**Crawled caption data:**
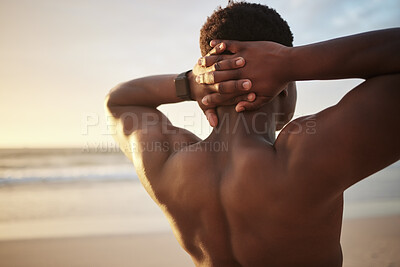 Back of a fit muscle man with hands behind his head, at the beach looking at the view during sunset. Rear view of a fitness guy thinking or bodybuilder staring at the open sky and stretching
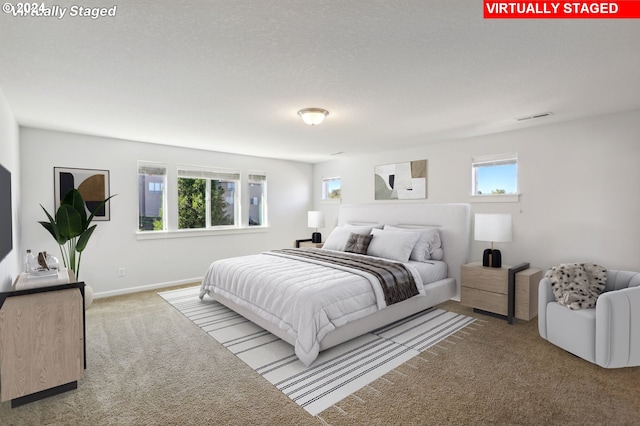 bedroom featuring carpet flooring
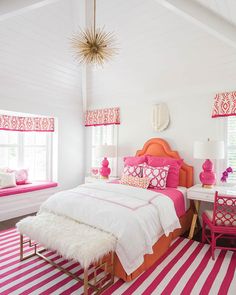 a pink and white bedroom with striped rugs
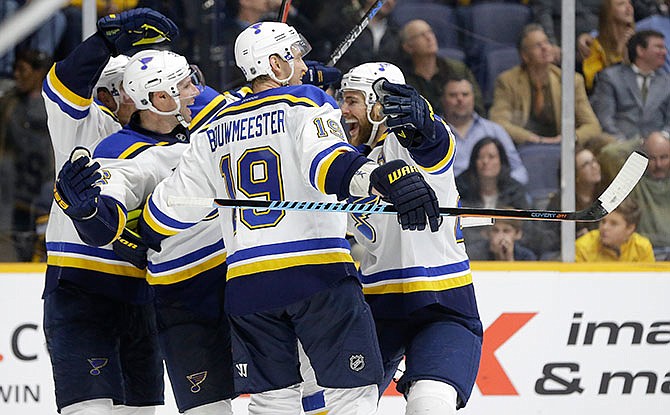 St. Louis Blues right wing Troy Brouwer, second from left, celebrates with Jay Bouwmeester (19) and Alex Pietrangelo, right, after Brouwer tipped in a shot by Pietrangelo for a goal against the Nashville Predators in the third period of an NHL hockey game Tuesday, Feb. 2, 2016, in Nashville, Tenn. The goal gave the Blues a 1-0 win. 
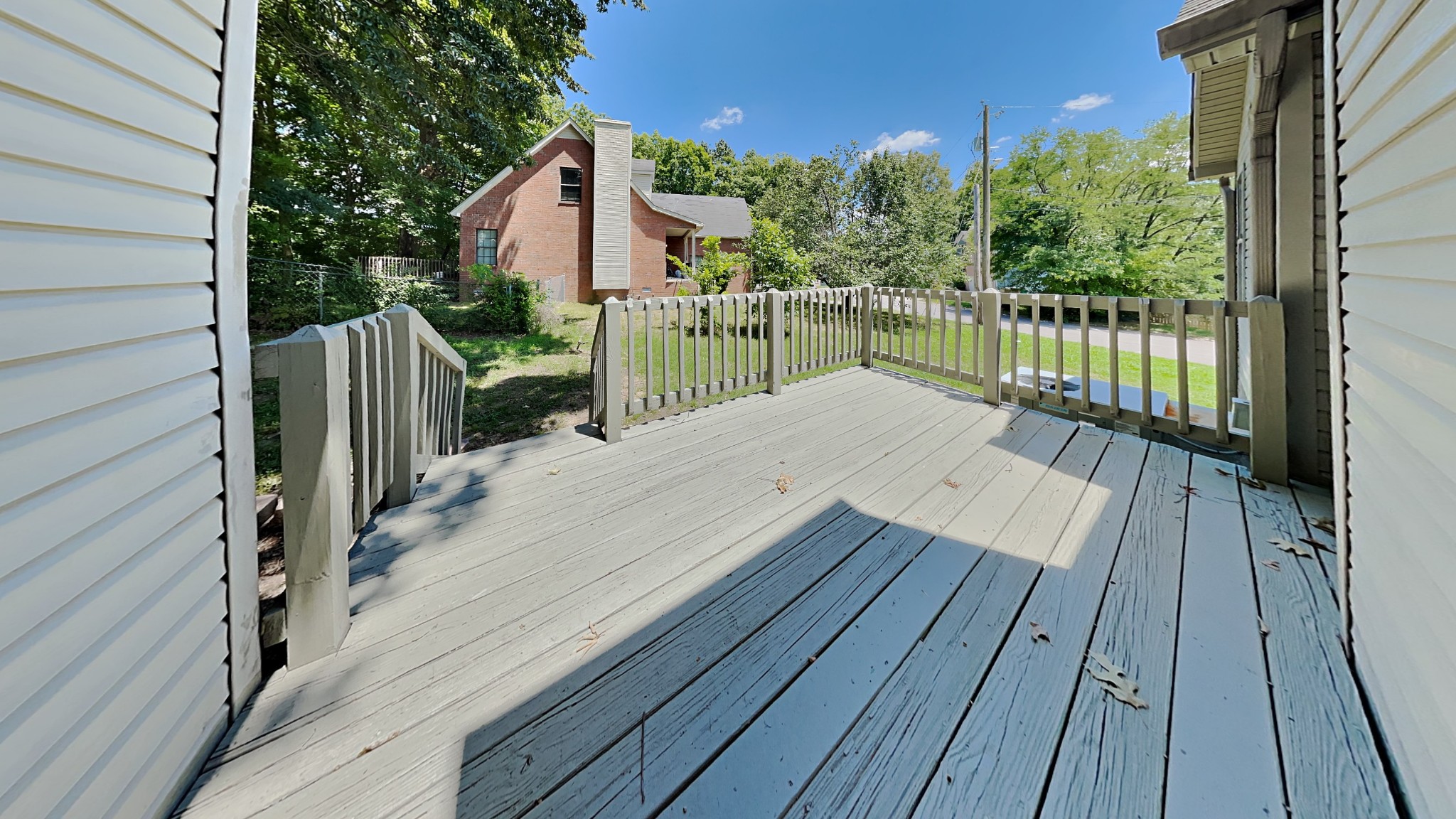 728 Bishopsgate Road Antioch, TN 37013 - Photo 12 of 15 a view of balcony with wooden floor and fence
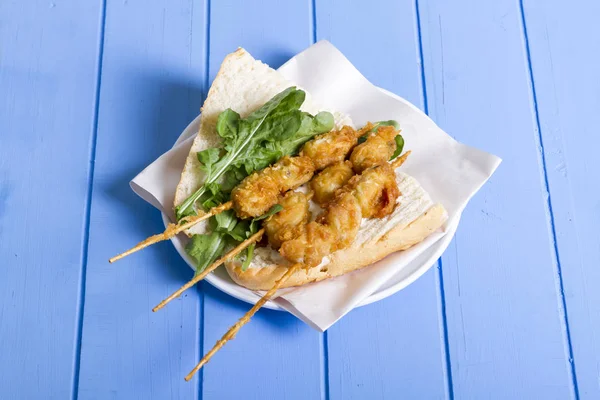 Lezzetli altın derin kızarmış pirzola midye şişleri yoğurt sos tartar ile hizmet veren sandviç, domates, dilimlenmiş beyaz soğan, maydanoz ve yeşil roka salatası mavi rustik masa arka plan üzerinde. Midye tava ekmek.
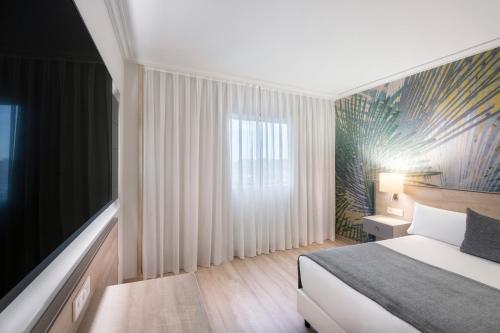 a bedroom with a bed and a large window at Salles Ciutat del Prat Barcelona Airport in El Prat de Llobregat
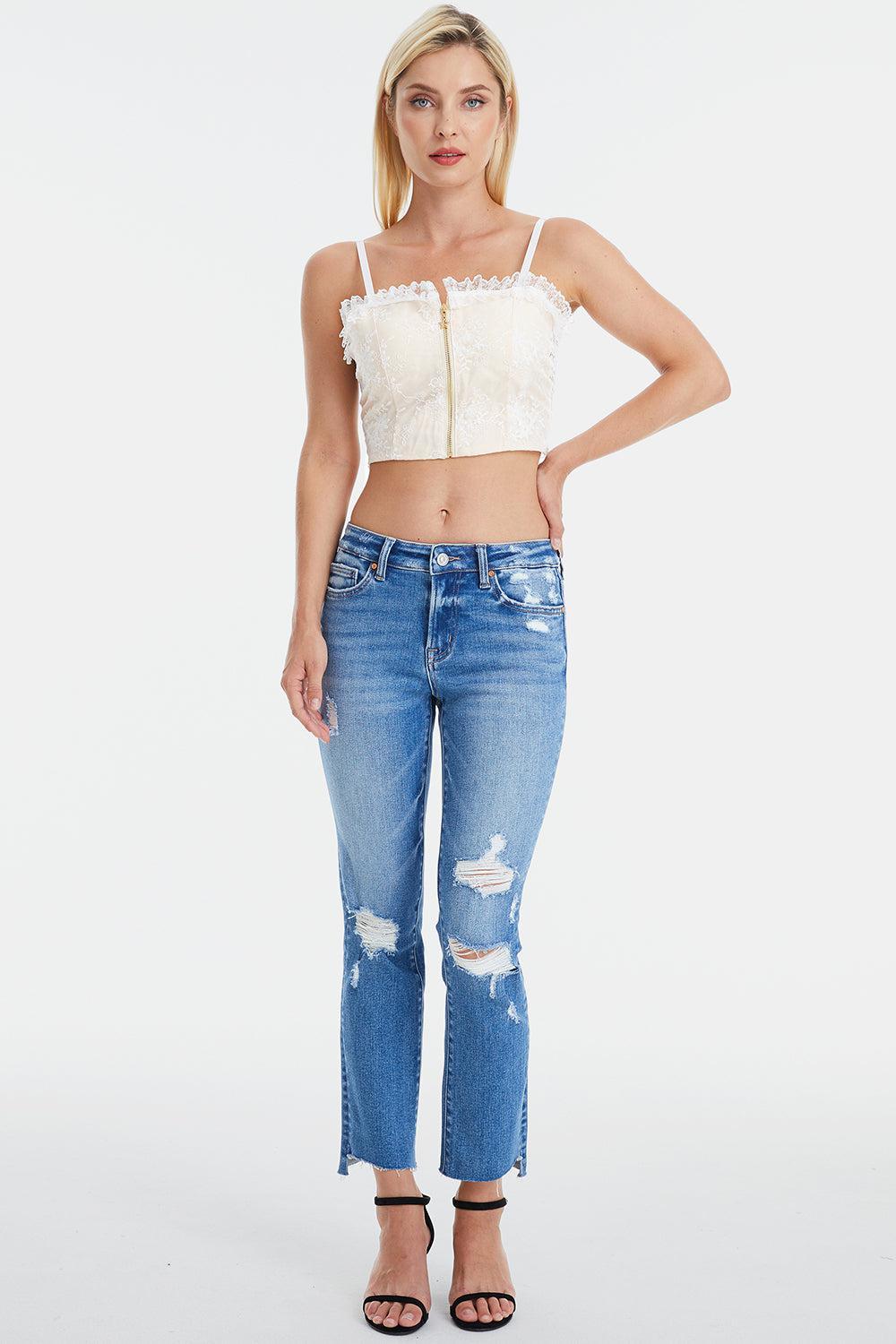 a woman in ripped jeans and a crop top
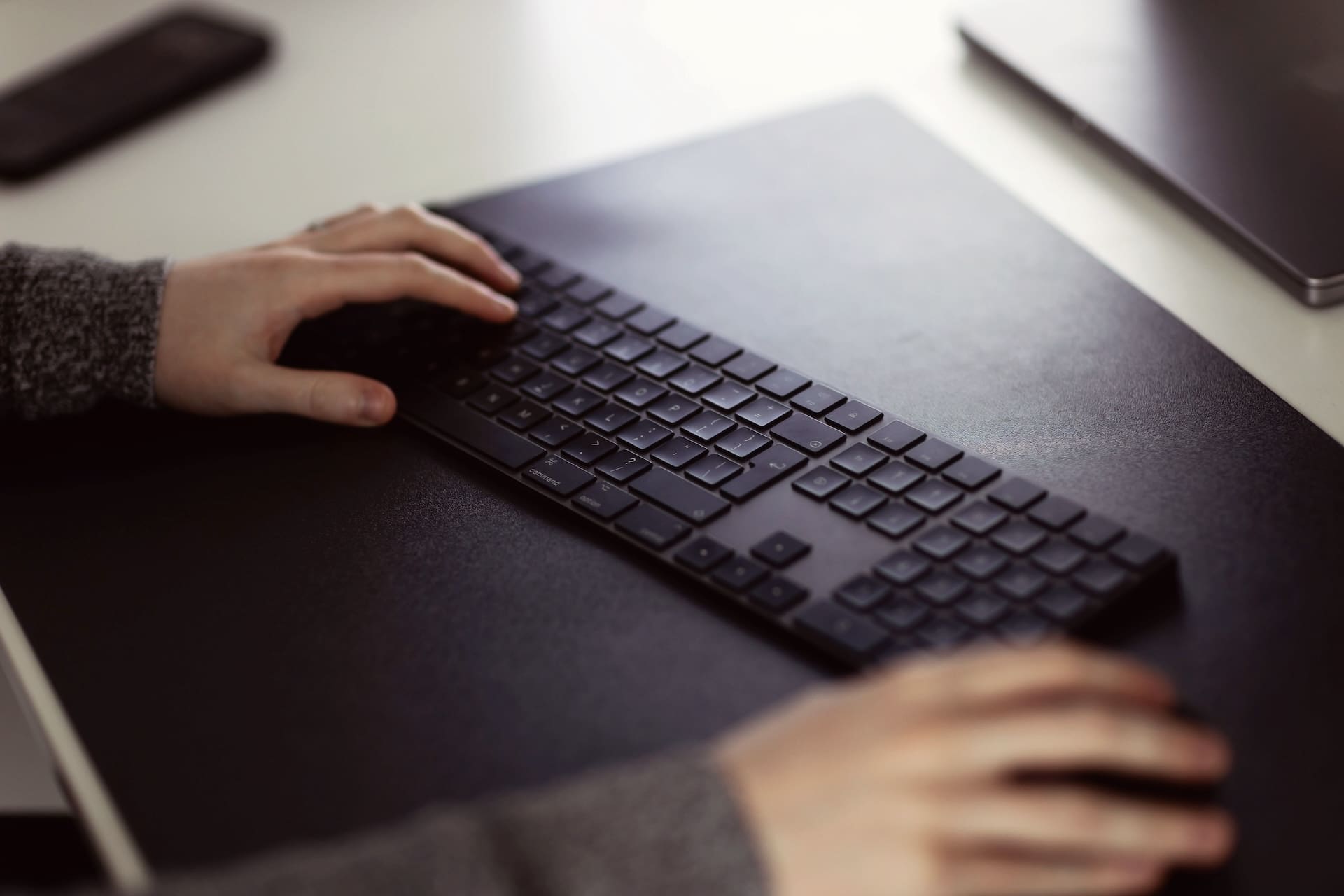 Hands poised over a black keyboard and mouse on a desk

**WORK INSTRUCTIONS:** Begin at the first line of the entries above and return each line exactly, stopping after the line that contains "a pink and white bedroom with striped rugs". Pictures do not belong in the copy.

**RESPONSE AREA:**
 Back of a fit muscle man with hands behind his head, at the beach looking at the view during sunset. Rear view of a fitness guy thinking or bodybuilder staring at the open sky and stretching
 bedroom featuring carpet flooring
 a pink and white bedroom with striped rugs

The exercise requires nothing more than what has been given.